Sargent, Garden Study of the Vickers Children (1884) |
Answer two of the following:
Q1: In author and fairy-tale expert Jack Zipes' Introduction to the Penguin Classics edition of Peter Pan and Wendy, he writes that the work is "an anti-fairy tale that seeks to explicate mystery, whereas fairy tales simply display magic and mystery. It is a self-help book written by a doctoring author for those adults who have lost touch with their imagination and need to regain it through a re-introduction to children's imaginative play" (xxiii). Do you agree with this? Is it meant for the "Wendys" of the world who have grown up and forgotten Peter Pan and their long-lost days of flying? Though kids can like this book, can only adults love it?

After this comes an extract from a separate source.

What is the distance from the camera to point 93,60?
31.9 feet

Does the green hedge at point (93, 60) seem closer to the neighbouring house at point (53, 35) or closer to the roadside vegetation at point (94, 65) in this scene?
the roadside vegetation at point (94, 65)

Q2: Why does Barrie try to humanize Cook and make him (almost) less of a villain in the late chapters of the book? Why is he so obsessed with "good form," and why does this make his life--and his death--somewhat tragic, at least in Barrie's eyes?
Q3: What do you make of the Narrator's strange attitude/tone toward the children and their parents in the final chapters, especially "The Return Home"? How seriously are we supposed to take comments such as, "If she was too fond of her rubbishy children she couldn't help it" (137). Are these in-jokes with the other parents in the audience? Or is this book actually written by Peter Pan himself??
Q4: The Chapter, :When Wendy Grew Up" is a curiously late addition to the Peter Pan myth. It was actually an epilogue which he added to the play in 1908 (the play came out in 1904), and it reflected his later thoughts about the characters and the work itself. He finally withdrew the epilogue as being too dark, but decided to apapt it for his 1910 novel, Peter Pan and Wendy. Why do you think he ends the book here, rather than with the happy reunion of the Darling family? And what do you make of the morbid, and somewhat cynical remarks such as, "Mrs. Darling was now dead and forgotten" (147)?